These are both great goals - to achieve both would make you healthy (losing weight) and professionally stronger (better communicator). However, a crucial aspect is missing: how will you achieve these?!
I bet you thought the missing part was "making them measurable". Agreed. These goals lack measure. But that is easily fixed. Lose weight: "I want to lose 25 lbs." Communicate better: "Demonstrate improved communication skills by presenting a well-rated presentation at this year's User's Conference." I'm flying past "making these measurable" because, to be honest, that isn't the hard part.
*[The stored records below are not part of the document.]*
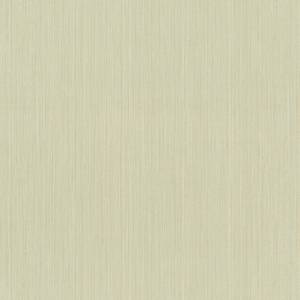 Обои Kerama Marazzi Бамбук KM5009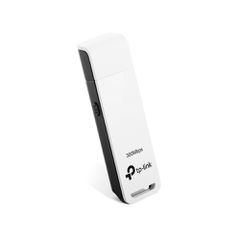 TP-Link TL-WN821N Ασύρματος USB Αντάπτορας Δικτύου 300Mbps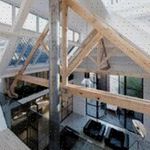 Profile Picture of Myrna Dobler (@syblehierl511) on Instagram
The hard part is setting up a plan to achieve these goals. That's because the foremost strategy for achieving a difficult goal is to attack it head-on. The challenge with the head-on strategy is it will feel like you're making an incredible sacrifice. Your motivation will waver and usually break because of two reasons:
- You're attempting to establish a new behavioral pattern that is less enjoyable than your old ways.
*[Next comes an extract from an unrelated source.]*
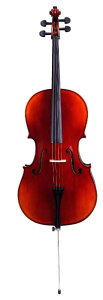 Hallstatt �n���V���^�b�g HC700�y5�_�Z�b�g�z�y���������z [HC-700](���\���t��)�yONLINE STORE�z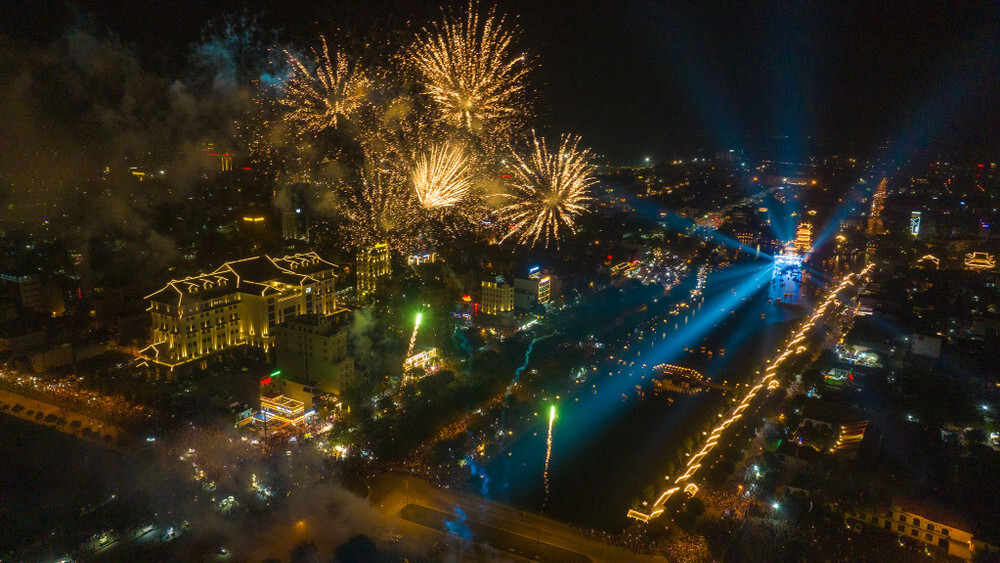 Top 10 địa chỉ học makeup ở Ninh Bình chuyên nghiệp, uy tín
- Change in oneself takes time; slow progress will make you question and usually abandon the goal.
Let's take weight loss as an example. A head-on strategy would be a typical approach: diet, cardio, and resistance training. Diet is a sacrifice - let's face it, fries, chips, butter, soda, fast-food, all taste good for a reason - and you've banned them. Exercise takes time - and it hurts. So you're eating less delicious food and you're sore all the time. Your measure of progress is your weight scale. You get on the scale every morning - and progress is brutally slow. In as few as a couple weeks, you may start wondering, "All this sacrifice for 1 lb a week?!?!"
Here's my suggestion: choose a lateral, or indirect goal. The lateral goal you choose should have these qualities:
- The side-effect of the lateral goal will be progress against the main goal.
- Visible progress is easily made - this is critical!
Again, let's come back to weight loss. Here are some examples of lateral goals for losing weight:
- Eat "clean" for 21-days.
- The measure here is to count days.
- Train for a half-marathon that is nine months away.
- The measure here will be progress with the distance/time you're running.
- Enter a weight training regimen with the goal to bench-press, deadlift, and squat your bodyweight.
- The measure here is the amount of weight you lift.
I admit that a head-on strategy will achieve the same result as a lateral approach - and maybe even faster. But that is a surface-level perspective. If you break the surface, people who take a head-on approach are less likely to continue their endeavor - because the psychological "net worth of the investment" will be viewed as a loss. Progress came too slowly, and the sacrifice was significant.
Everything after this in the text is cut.